Prof. V S Ramamurthy
DAE Homi Bhabha Professor
Surveying and mapping have always been an integral part of the professional tool kit of explorers and warriors. More recently, they also have been put to use for routine administration including assessment and collection of land revenues.
It is not surprising that surveying and mapping received high priority even in the early years of British rule. Survey of India, thus, came into existence. While the entire country spread over several hundred million hectares has been surveyed and mapped over a period spanning several decades, thanks to the sustained and dedicated efforts of the cartographic community, the technology of surveying and mapping itself did not go through any major changes.
Today, space based remote sensing technology has literally turned surveying and mapping upside down. Areal photography has been overtaken by ALTM. GPS has made position determination a child’s play, routinely available even in a cell phone. Computing powers and storage technologies have made large scale data storage and analysis routine. Display technologies are improving everyday with new capabilities like stereo pictures. The communication technologies make it possible to move large volumes of data literally across the globe. These developments have not only brought revolutionary changes in the technologies of surveying and mapping but also in the range of applications of the survey products. Spatial data today is a development tool in the hands of everyone in every walk of life.
The fast changing technologies also bring into focus the legendary disconnect between technologists, end-users and the policy makers. The technologists worry more about technologies than about the user requirements and often resent large scale repetitive assignments. The end-users on the other hand, want magic solutions and are more comfortable with known technologies even if they have been superceded. Often, the user requirements demand integration of data using multiple technologies and the users have difficulties in bringing the technologists together on the same platform. Often the source of information on available technological options to the users are other users and marketing literature, neither of which is complete and up-to-date. The policy makers are neither technologists nor end-users. They always play it safe when it comes to adopting new technology. In fact, policy making bodies across the world have difficulties in adopting to the fast changing technologies.
How do we respond to this? Cartographers need to bring in the latest technologies covering all operations of surveying and mapping and prepare data products in communicable forms relevant to the security and socio-economic needs of the day. They also have a role in policy making and help to bring together all the stake holders.
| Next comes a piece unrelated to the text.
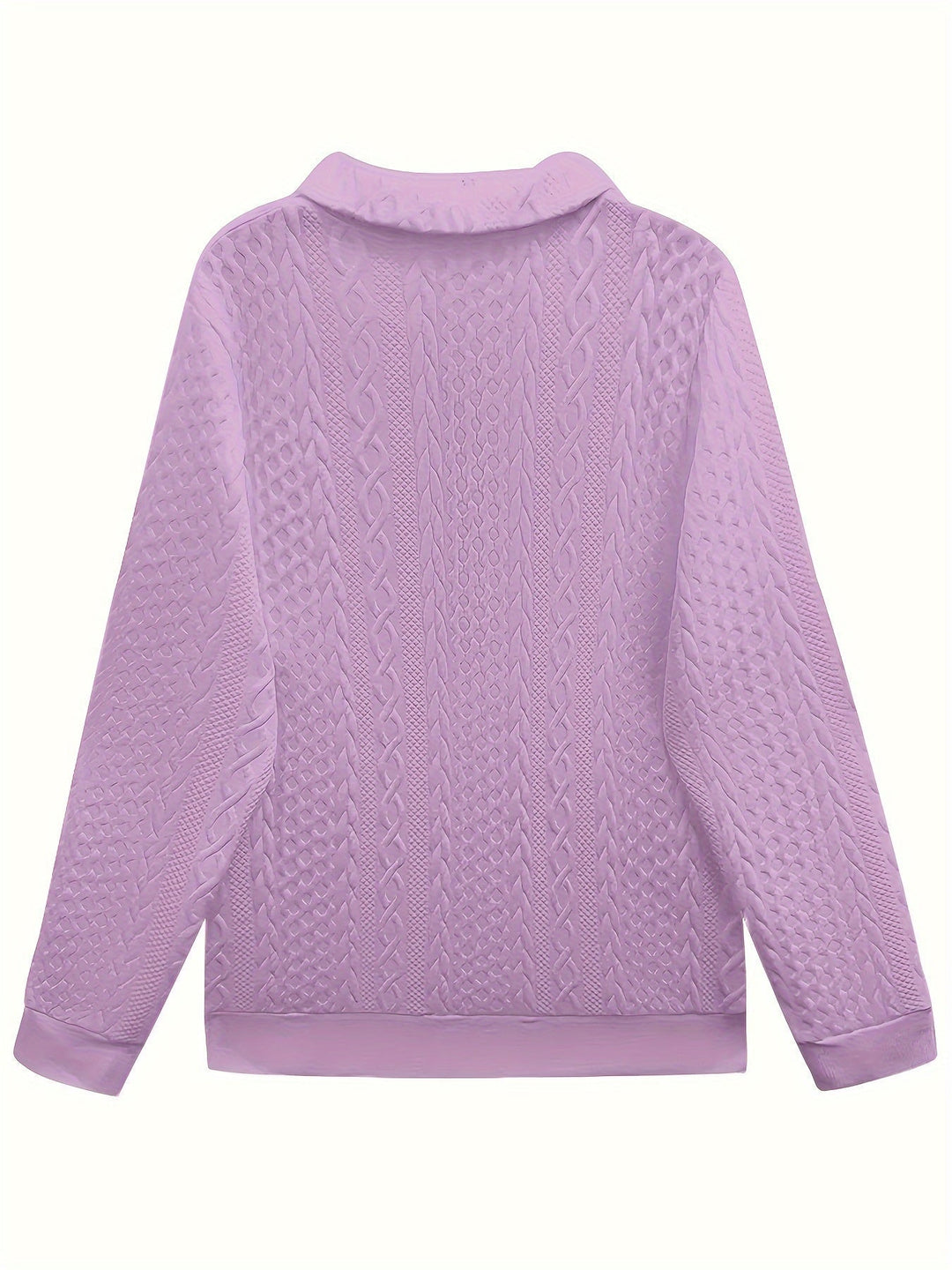 YANNA | Elegant Zip Pocket Sweatshirt - Ciara & Fiona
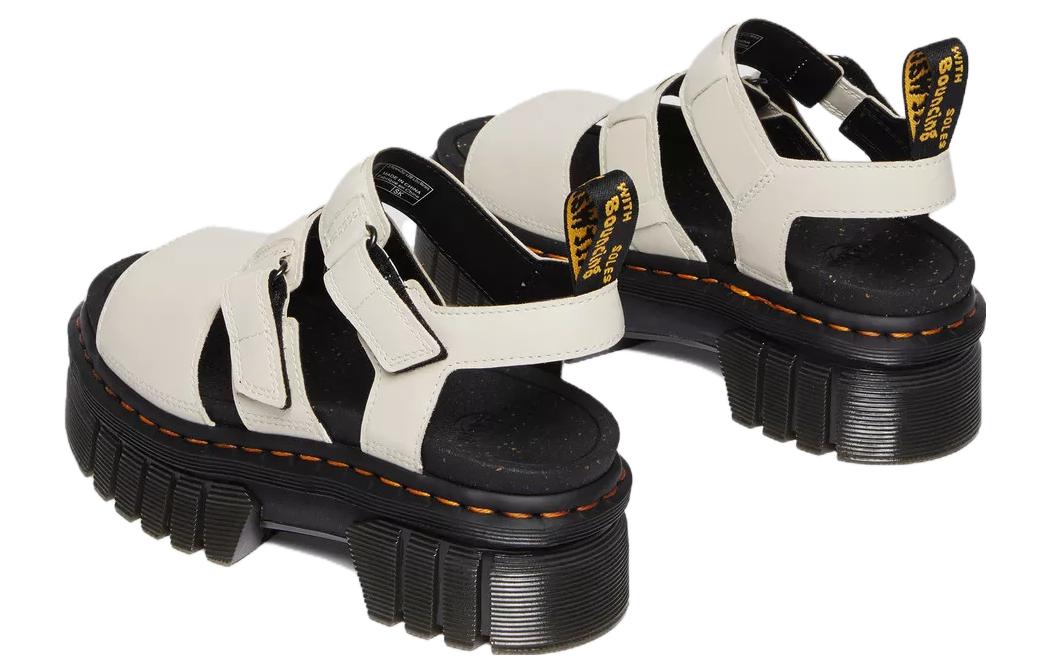 Dr. Martens Ricki Nappa Lux Leather 3-Strap Platform Sandals 'White' 圖 5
The two new initiatives of Survey of India, the dual series of maps and the establishment of National Spatial Data Infrastructure (NSDI), represent two major policy initiatives responding to the needs of the day. The NSDI is a mechanism that has evolved after several rounds of discussions among both national and international stakeholders to bring in uniformity, quality control and access to diverse data.
The dual map series is yet another landmark policy decision by the government. One is well aware of the difficulties in getting digital maps under the map policy in vogue. The dual series maps attempt to put at least some of the development maps in public domain in digital form after due security clearances. While we do have a long way to go, these are initiatives in the right direction.
We also need to reflect on one recent development, the emergence of Open Source maps like ‘GoogleMaps’ and ‘Wikimapia’, available on the net. These sites have put digital maps of the entire globe in the hands of the public not only to view but also to edit and use. While this has raised some security concerns as well as opened up an entirely new dimension of ‘personalized maps’. How do we cope up with these fast changes? I believe the cartographers should continue to upgrade their technical skills but should also interact strongly with the user community and the policy makers on a regular basis so that the best of technologies and data are available to the users.
The cartographic community, therefore, has a unique role. They need to bring in the latest technologies covering all operations of surveying and mapping and prepare data products in communicable forms relevant to security and socio-economic needs of the day.